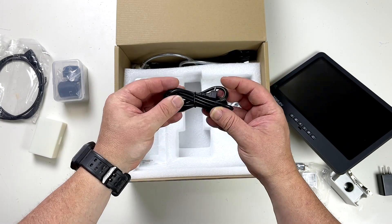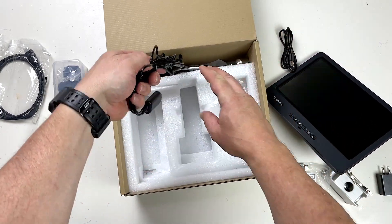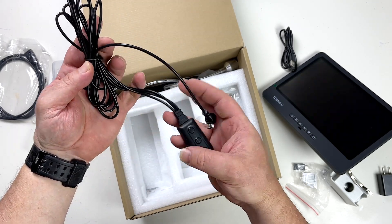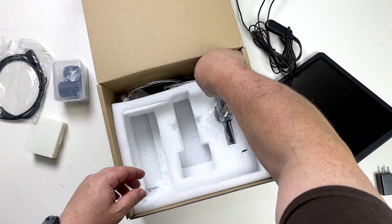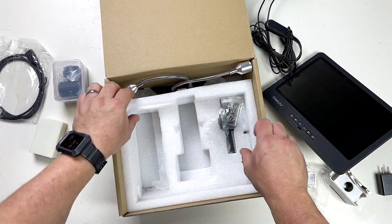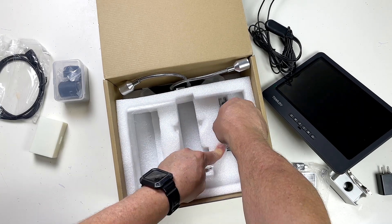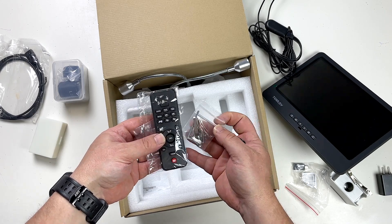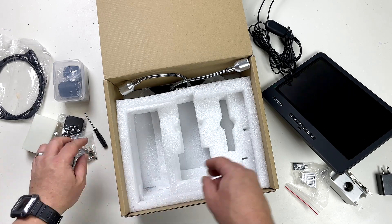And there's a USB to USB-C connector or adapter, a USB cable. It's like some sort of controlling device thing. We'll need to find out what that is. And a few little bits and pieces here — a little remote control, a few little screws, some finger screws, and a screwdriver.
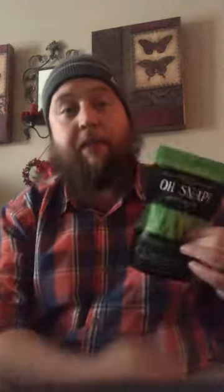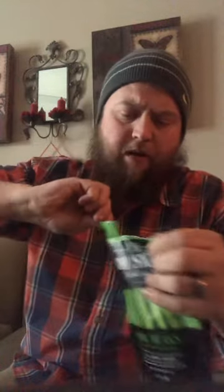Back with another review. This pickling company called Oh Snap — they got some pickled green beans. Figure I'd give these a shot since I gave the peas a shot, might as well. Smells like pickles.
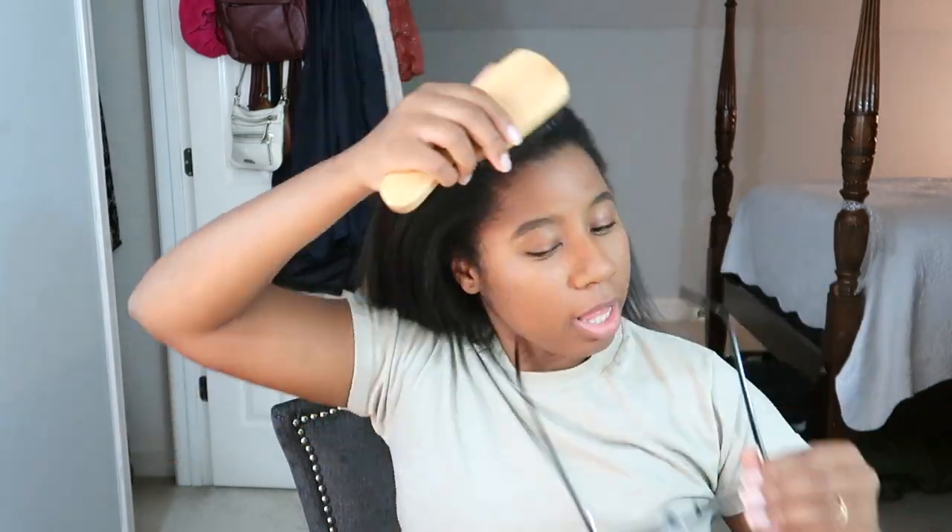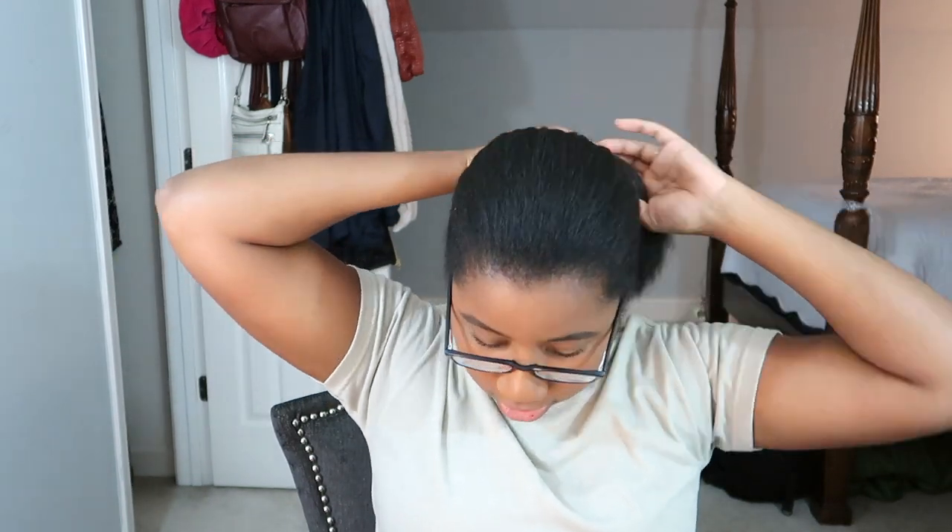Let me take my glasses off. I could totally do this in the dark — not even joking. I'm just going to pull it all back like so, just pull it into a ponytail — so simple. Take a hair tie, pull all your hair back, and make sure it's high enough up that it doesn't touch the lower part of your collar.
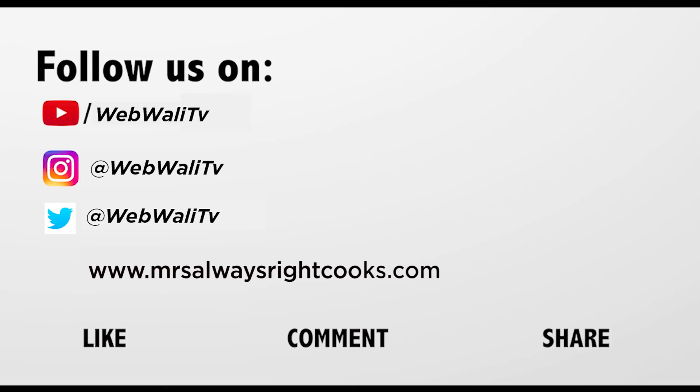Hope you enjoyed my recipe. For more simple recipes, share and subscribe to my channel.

Directions for this task: Using the material above, reproduce only the lines that run from the line with "Back with another" up to and including the line with "Let me take", exactly, with the pictures dropped.

Finished task:
Back with another review. This pickling company called Oh Snap — they got some pickled green beans. Figure I'd give these a shot since I gave the peas a shot, might as well. Smells like pickles.
Let me take my glasses off. I could totally do this in the dark — not even joking. I'm just going to pull it all back like so, just pull it into a ponytail — so simple. Take a hair tie, pull all your hair back, and make sure it's high enough up that it doesn't touch the lower part of your collar.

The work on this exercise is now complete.